Hilliard has filed a pro se informal brief. Finding no error, we
affirm.
Hilliard pled guilty after the second day of trial. At
the Fed. R. Crim. P. 11 hearing, Hilliard inquired about receiving
a three level reduction for acceptance of responsibility under U.S.
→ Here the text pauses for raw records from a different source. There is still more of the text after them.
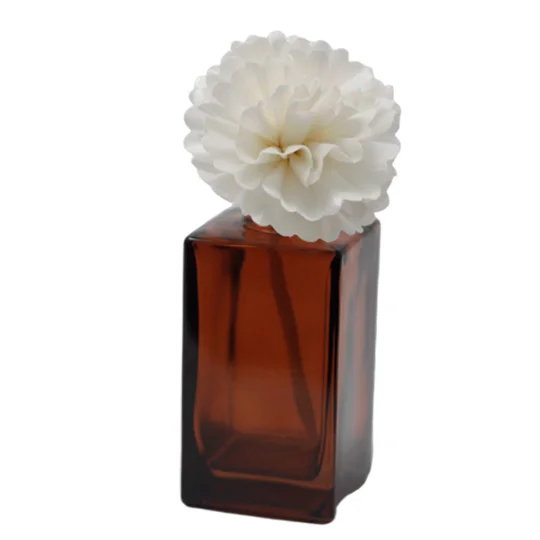 Natural Diffuser Flowers â€“ Medium Carnation on String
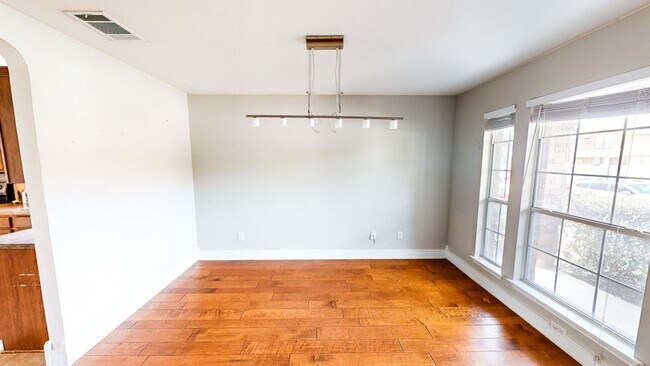 Building Photo - Highly sought House Creek North Subdivisio...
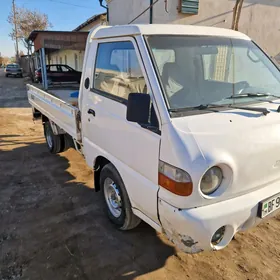 Hyundai H-1 1999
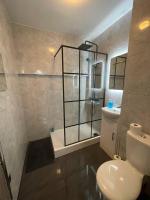 BROADWAY SUITE - Newly refurbished stylish apartment with FREE PRIVATE PARKING - Great location - Chambres d'hôtes Birmingham
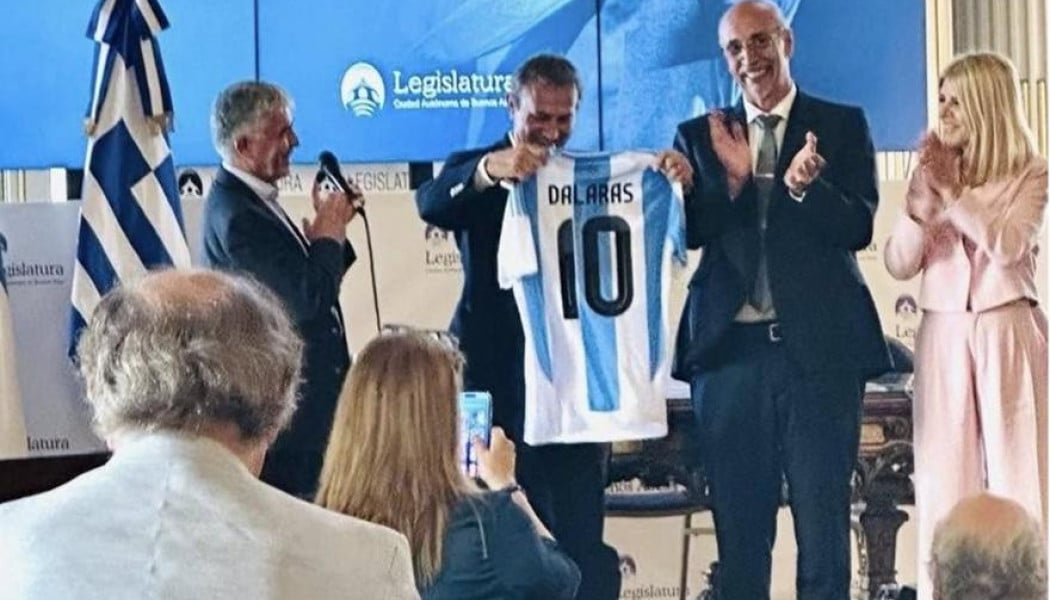 Πήρε το 10 της Αργεντινής ο Γιώργος Νταλάρας (ΦΩΤΟ)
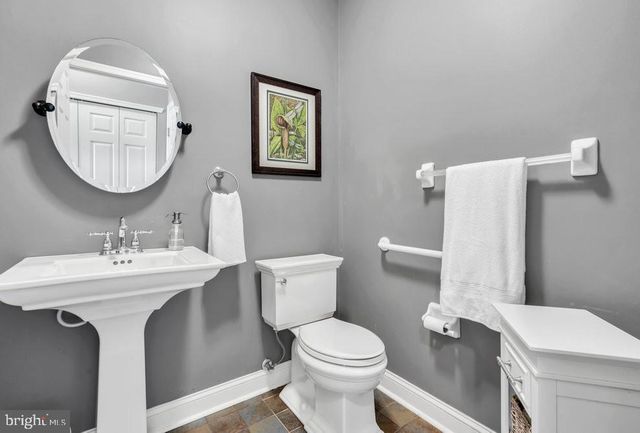 2707 SHEFFIELD DR, Easton, PA 18040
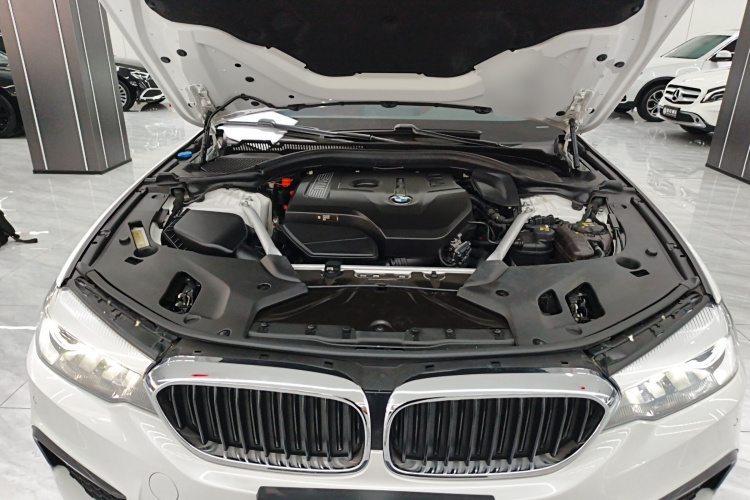 宝马5系 2018款 改款 530Li xDrive M运动套装机舱底盘24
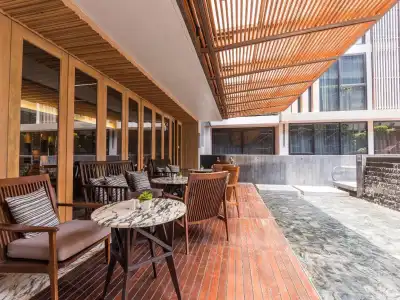 Arcadia Suites Bangkok - 14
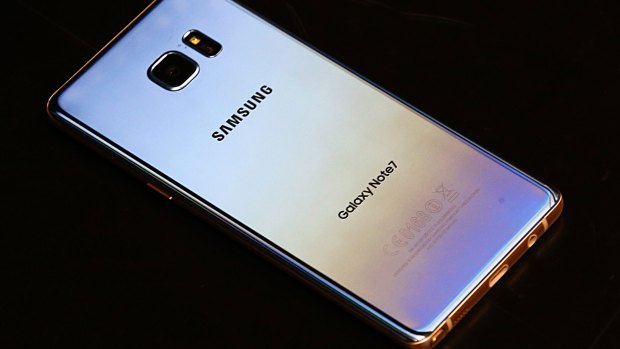 Samsung's recall of its Galaxy Note 7  has left millions of premium smartphone buyers looking for an alternative.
Sentencing Guidelines Manual § 3E1.1(b) (2005 & Supp. 2006). At
sentencing, the court applied a two-level reduction for acceptance
of responsibility, and counsel questions whether the failure to add
an additional decrease was error. To receive the additional level
of reduction, the Government had to move for the reduction. See
USSG § 3E1.1(b). The Government was not bound to do so, and there
was no agreement for such in the plea agreement. Therefore, the
court did not err in failing to award an additional decrease of one
offense level.
Hilliard’s Anders brief also raises the issue of whether
this court’s review of a post-Booker* sentence relying on a
presumption of reasonableness results in a mandatory application of
*
United States v. Booker, 543 U.S. 220 (2005).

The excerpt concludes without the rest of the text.